DATA SECTION =
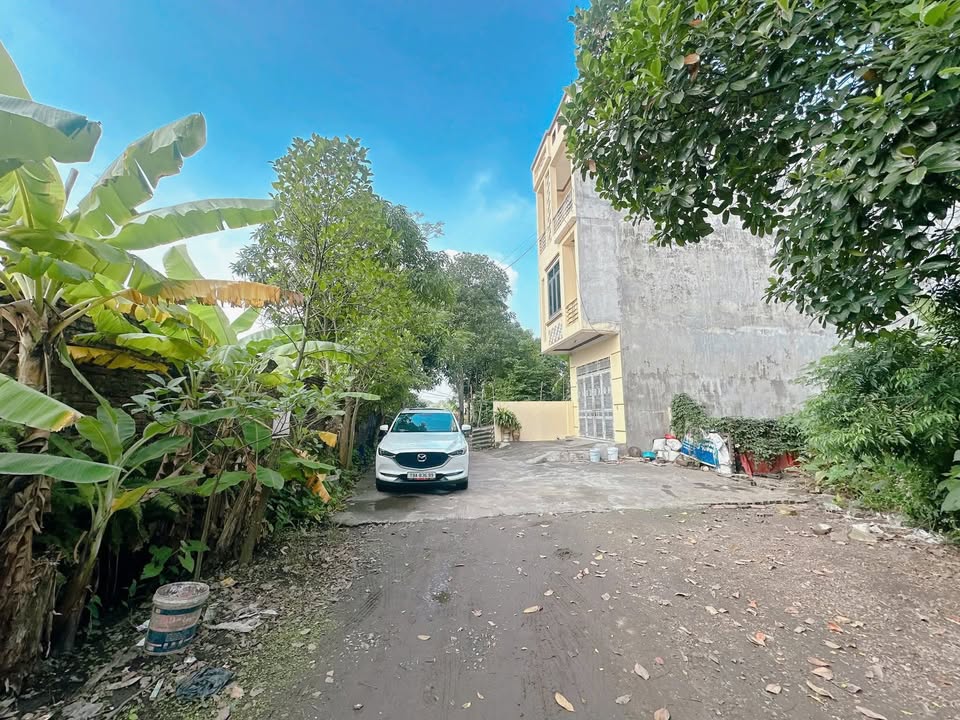 Đất nền chính chủ tại khu Hồng Hà 2, Phường Thanh Miếu, 81m² giá chỉ 1 tỷ - Cơ hội đầu tư tuyệt vời!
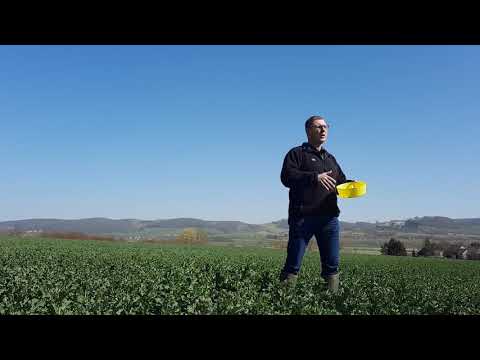 Video: Saatgutschutzmittel: alles über das Präparat und seine Wirkung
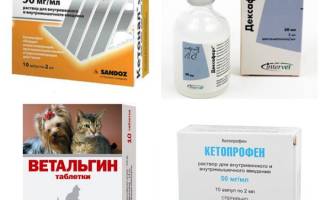 Виды обезболивающих препаратов для кошек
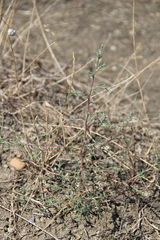 Petrosimonia triandra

PROMPT =
Print exactly, and only, the lines from the one with "Виды обезболивающих препаратов для кошек" through the last line of the listing above. No pictures belong in the copy.

ANSWER TO THE EXERCISE =
 Виды обезболивающих препаратов для кошек
 Petrosimonia triandra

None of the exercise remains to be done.